Additionally, the court noted that Braun never told the officers that he was experiencing a medical emergency or had any medical issues, despite the fact that the officers asked him such questions.

Braun argued that, even if probable cause existed at the time of his initial arrest, after he registered 0.000 on the Breathalyzer, the probable cause evaporated and he should have been released.  The court of appeals explained

[T]he discovery of subsequent information that was unknown to Officer Licari at the time of the arrest does not speak to whether he had probable cause to arrest Braun. In assessing the legality of Braun’s arrest at the scene of the crash, what matters is what Officer Licari knew then—not what he found out later.[vii]

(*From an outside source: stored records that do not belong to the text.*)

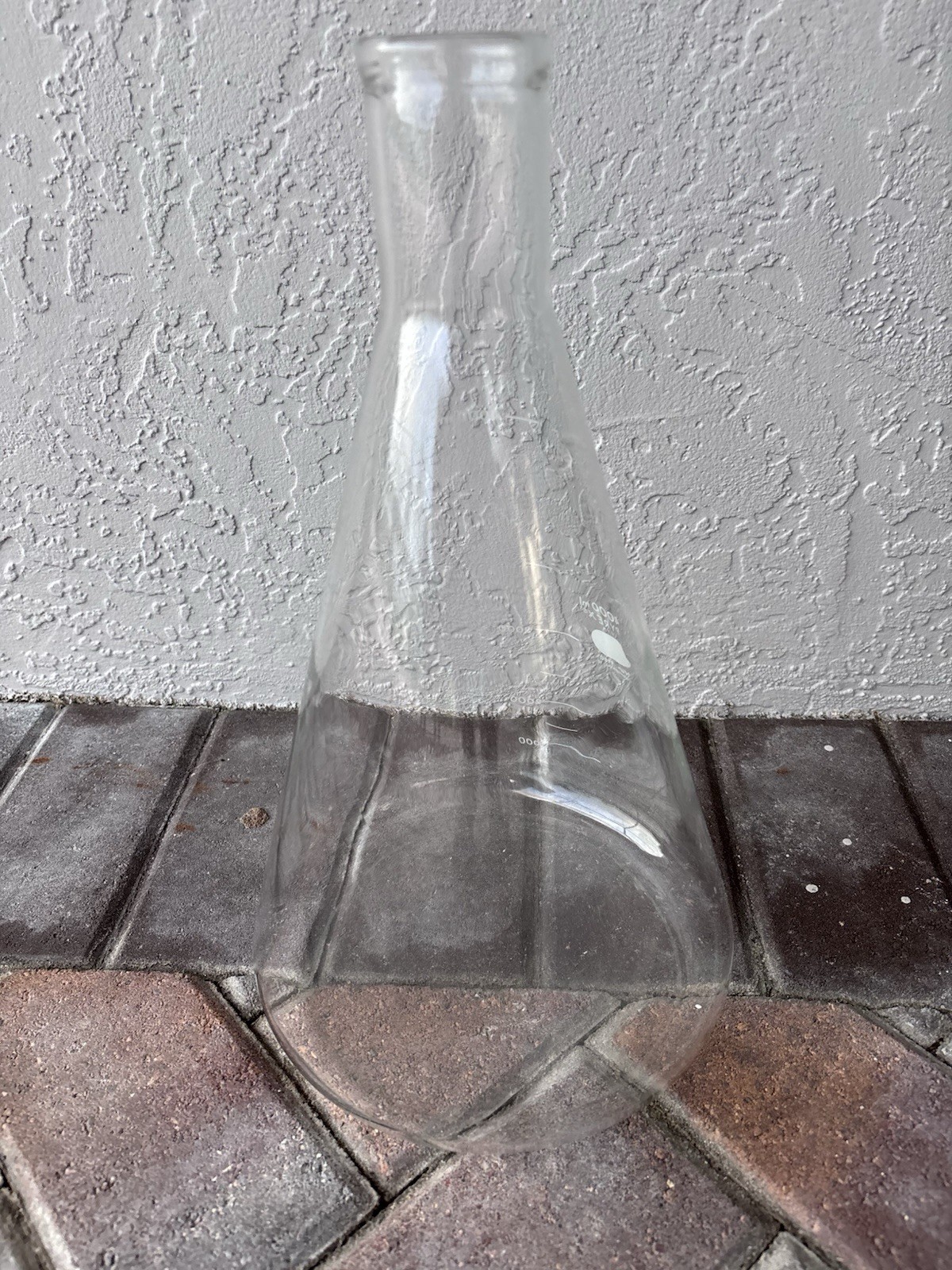 Pyrex No. 4980 Glass 4000 mL Erlenmeyer Beaker Flask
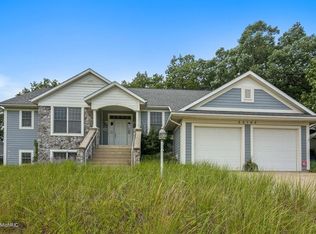 52105 Main Dr, New Buffalo, MI 49117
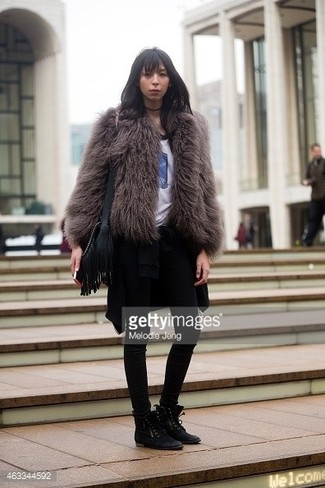 Какие джинсы носить с черным свитером с круглым вырезом женщине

Furthermore, the court noted that the indications of DUI were still present, despite the negative alcohol test.  Thus, the officer had probable cause to believe Braun may be under the influence of drugs or other intoxicating substances.  In support of this conclusion the court noted that they have previously held

[T]hat an individual’s successful completion of “one or more field sobriety tests … does not negate probable cause when other circumstances give rise to a reasonable belief that the individual is intoxicated“. . .

Put another way, even if we assume that the Breathalyzer result should have informed Officer Licari that Braun had no alcohol in his system, there was still probable cause to believe that Braun had committed the crime of driving under the influence of drugs or another intoxicating substance that “render[ed] [him] incapable of driving safely.” [viii]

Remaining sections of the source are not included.